BHP signalled to the market that there will be more cost cuts in its huge coal business, especially in coking coal in Queensland and in thermal coal in that state and NSW.
BHP Billiton indicated it saw limited prospect of a quick turnaround in the coal business – coking coal (used in the steel industry) has a slightly better outlook to that of thermal (or steaming coal, used predominantly in power generation)
In yesterday’s presentation BHP said it intends to reduce costs a further 10% in coking coal operations to less than $US90 a tonne, while costs in its steaming coal mines will be cut by a further 15% to less than $US45 a tonne.
“All of our Coal operations remain cash positive despite the low price environment and are well placed for margin expansion when prices are expected to recover in the medium term,” BHP said.
“Productivity in the Coal business has improved significantly in the last two years, with unit costs cut by 37 per cent in metallurgical coal and by 21 per cent in energy coal.
"The Group is targeting a further 10 per cent reduction in unit costs at Queensland Coal in the 2015 financial year and a 15 per cent decline in unit costs at New South Wales Energy Coal by the end of the 2016 financial year,” the company added.
Coking coal output is planned to rise 4% over the next year or so, while steaming coal production will remain flat because there’s no demand growth in the market, now, or in the immediate future.
That will undoubtedly mean more job losses, reduced business for service companies and pressure on other suppliers, such as rail giant, Aurizon.
BHP vs XJO 2Y – BHP underperforming the broader market, promises further cost cuts
BHP said it saw little prospect of a turnaround in the underlying fortunes of the steaming coal sector until uneconomic production is shut down.
A number of steaming coal producers are locked into so-called ‘take-or-pay’ shipping contracts with rail operators such as Aurizon and Asciano, which means it is cheaper for them to remain in production even though they are losing money, as they wait for prices to recover.
And the company’s Western Australian iron ore mines are not exempt – BHP again confirmed plans yesterday for cost cuts of around 15% in cash production costs by June next year. That will take the average cash cost to below $US23 a tonne from $US25.89 a tonne in 2013-14.
BHP said it will also cut capital spending by more than expected.
BHP said it was now “targeting US$4 billion of annualised productivity gains in its core portfolio by the end of the 2017 financial year, a US$500 million increase on previous guidance.

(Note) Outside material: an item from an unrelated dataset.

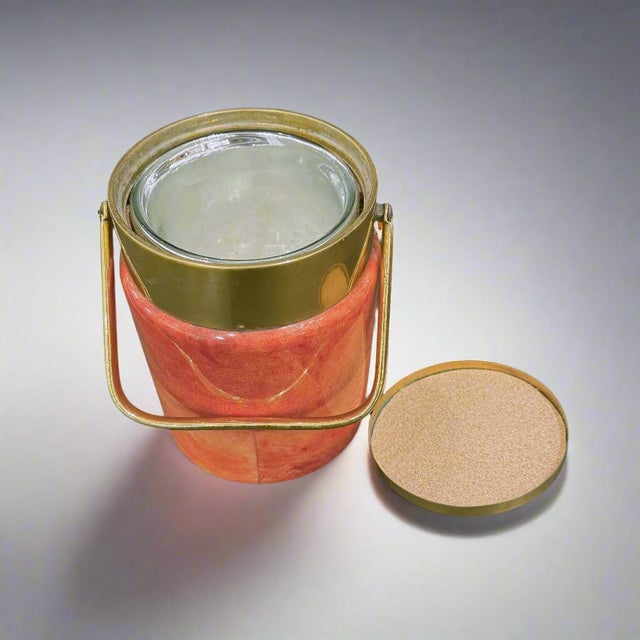 Aldo Tura 1960s Modernist Ice Bucket by Aldo Tura For Sale - Image 4 of 7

“Improved capital productivity will allow planned investment to be reduced from US$14.8 billion to US$14.2 billion in the 2015 financial year and to US$13 billion in the 2016 financial year with no change to expected production growth,” the company said yesterday.
It also revealed changes in senior management, with marketing boss Mike Henry becoming head of coal (a big ask, which will test him, but see if he has what it takes to be a contender for the CEO’s role).
Aluminium head Daniel Malchuk has taken over the prize role of President of BHP’s huge copper business. That means Mr Malchiuk moves out of the unwanted aluminium assets to be sold off in the spin off next year, and returns to the main company.
Mr Malchuk’s brief will include Olympic Dam where BHP revealed ambitions to further boost production by ‘debottlenecking’ the mining, production and processing operations and simplifying them.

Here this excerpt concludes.